» PROBLEM STATEMENT
When you come to a picture, pass over it, and set down the entries below exactly.

» Caption-style text data
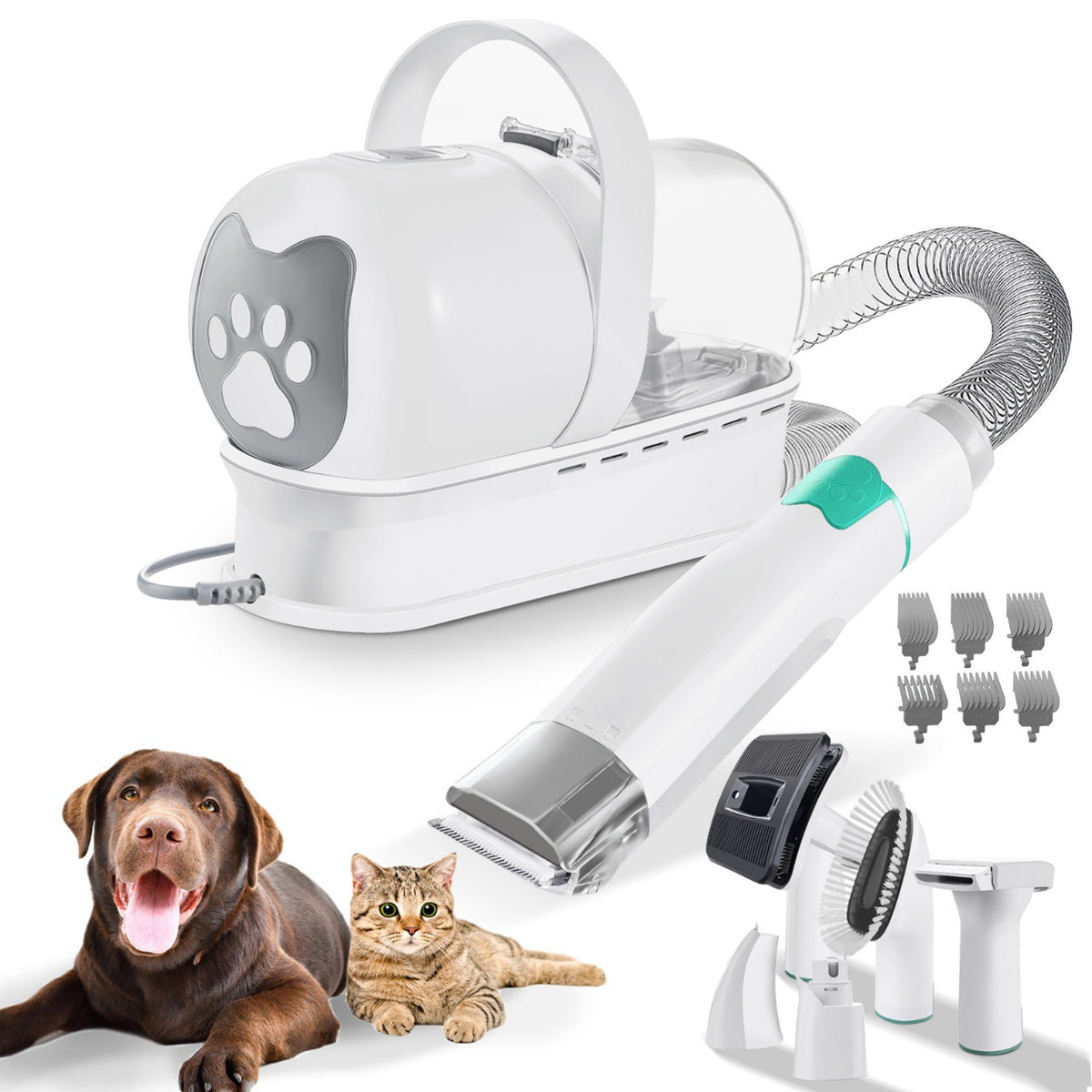 Kit de toilettage pour animaux de compagnie 7 en 1 avec aspiration sous vide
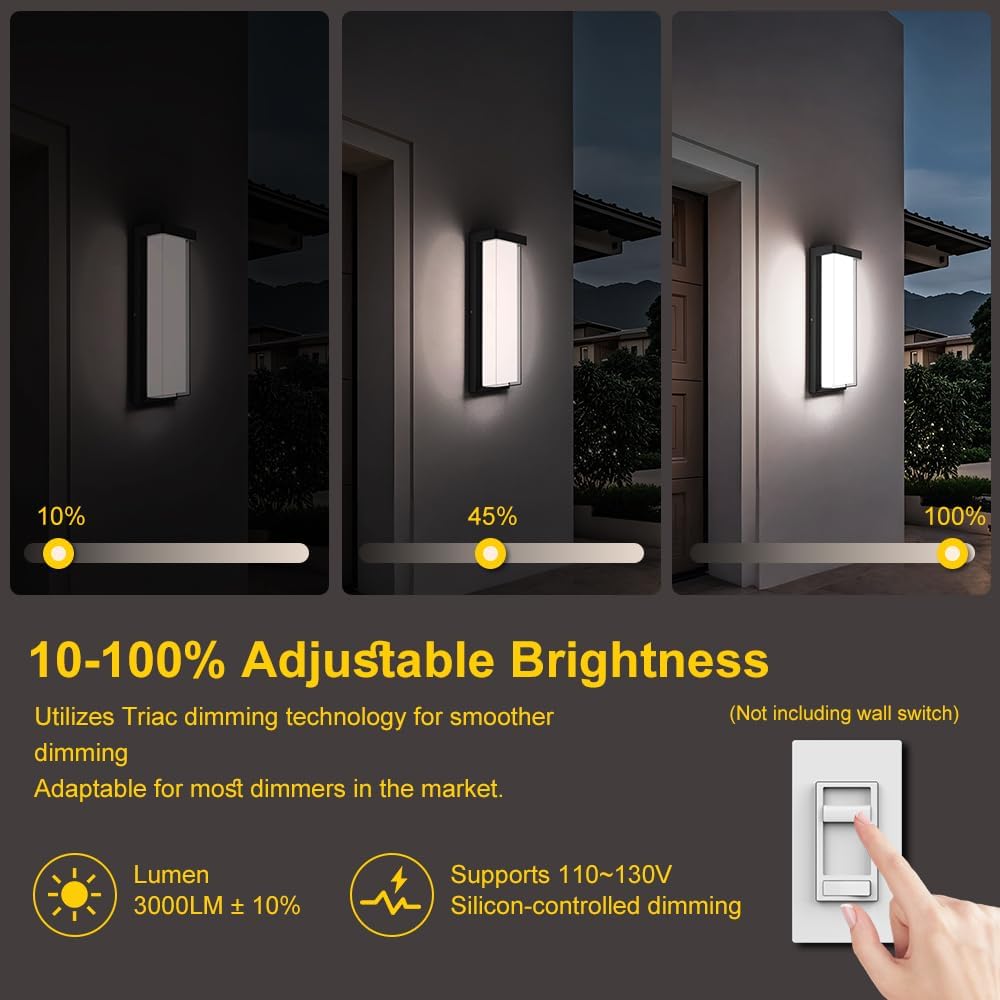 Modern Outdoor Wall Sconce – 16in Dimmable Black Exterior LED Porch Light, 6000K, IP65 Waterproof – Image 3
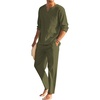 image:imageCOOFANDY Mens 2 Pieces Cotton Linen Set Henley Shirt Long Sleeve and Casual Beach Pants Summer Yoga OutfitsArmy Green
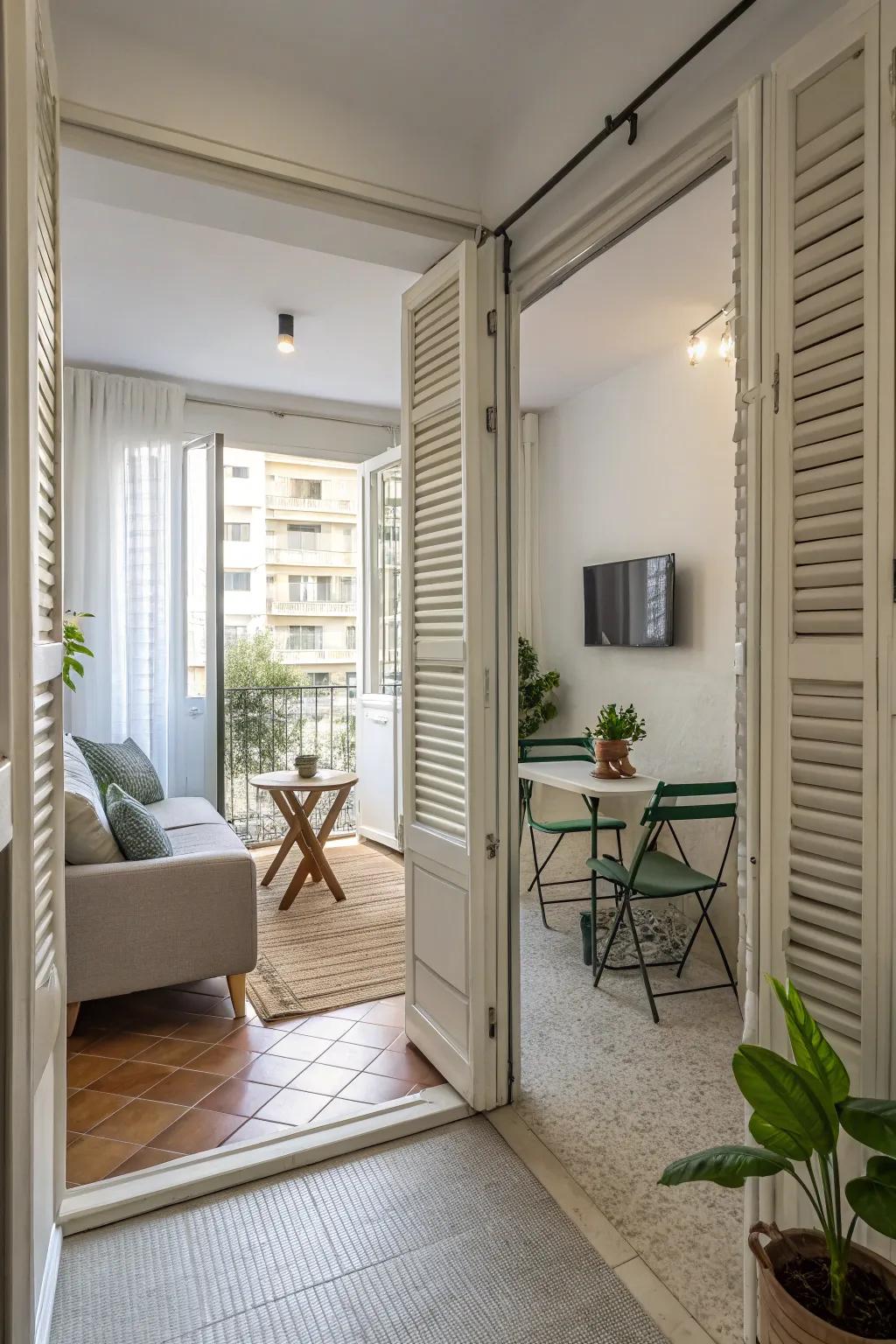 Jalousie doors ensure ventilation and separation in this airy studio apartment.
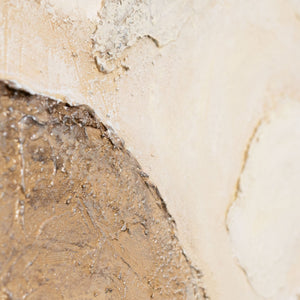 Handgemalte Wanddeko auf Leinwand – Abstrakte Gemälde in Beige und Braun „Horizontschichten“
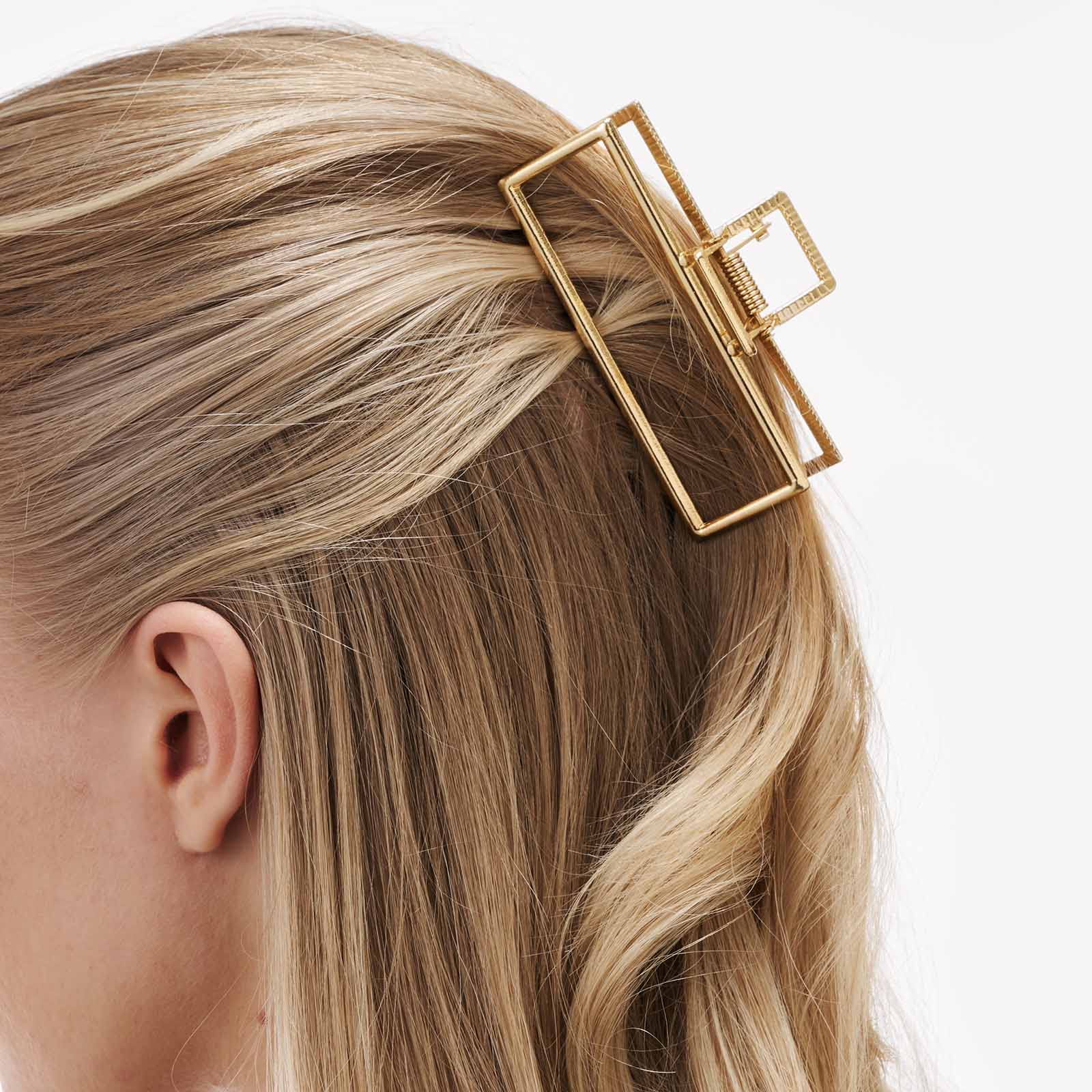 Guldfärgad rektangulär hårklämma - 8,5cm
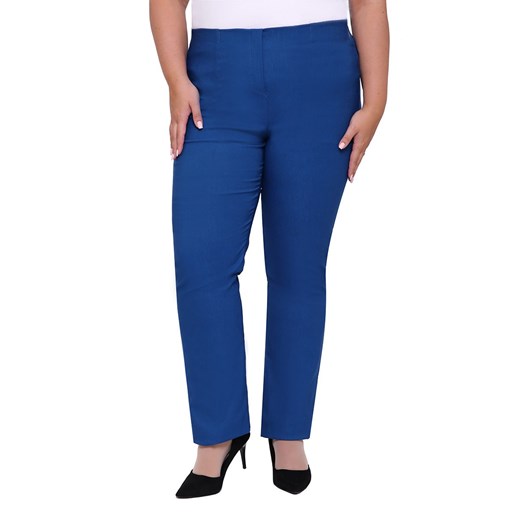 Dłuższe proste spodnie w kolorze jeansu 60 Modne Duże Rozmiary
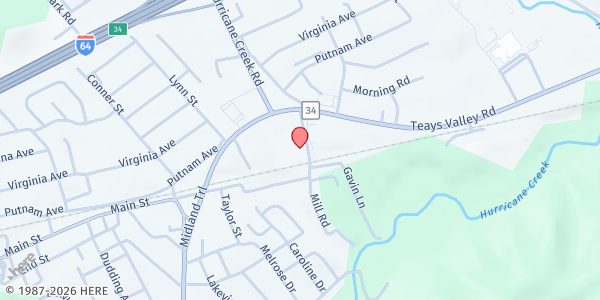 Map showing Glad Tidings Assembly of God at 121 Mill Rd, Hurricane, WV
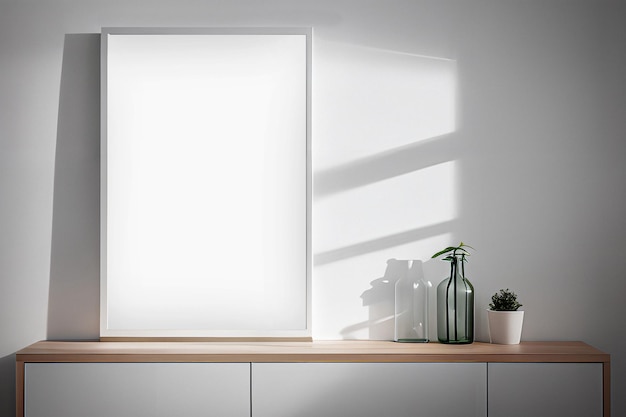 Mockup of blank frame in scandinavian style interior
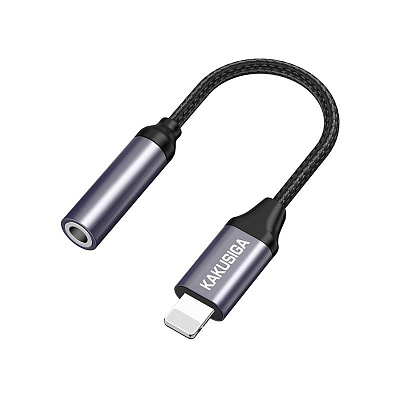 Адаптер iPhone (Lightning) - 3.5 гнездо Kakusiga KSC-428, 10 см, черно-серый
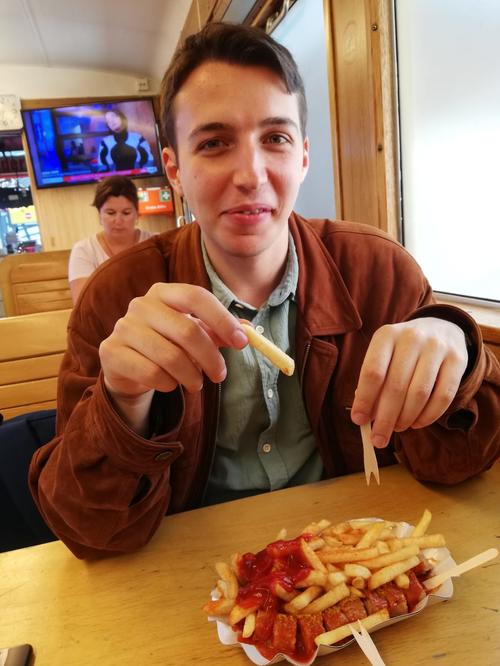 One last currywurst before Ben Heiden leaves for Birmingham.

» YOUR SOLUTION
 Kit de toilettage pour animaux de compagnie 7 en 1 avec aspiration sous vide
 Modern Outdoor Wall Sconce – 16in Dimmable Black Exterior LED Porch Light, 6000K, IP65 Waterproof – Image 3
 image:imageCOOFANDY Mens 2 Pieces Cotton Linen Set Henley Shirt Long Sleeve and Casual Beach Pants Summer Yoga OutfitsArmy Green
 Jalousie doors ensure ventilation and separation in this airy studio apartment.
 Handgemalte Wanddeko auf Leinwand – Abstrakte Gemälde in Beige und Braun „Horizontschichten“
 Guldfärgad rektangulär hårklämma - 8,5cm
 Dłuższe proste spodnie w kolorze jeansu 60 Modne Duże Rozmiary
 Map showing Glad Tidings Assembly of God at 121 Mill Rd, Hurricane, WV
 Mockup of blank frame in scandinavian style interior
 Адаптер iPhone (Lightning) - 3.5 гнездо Kakusiga KSC-428, 10 см, черно-серый
 One last currywurst before Ben Heiden leaves for Birmingham.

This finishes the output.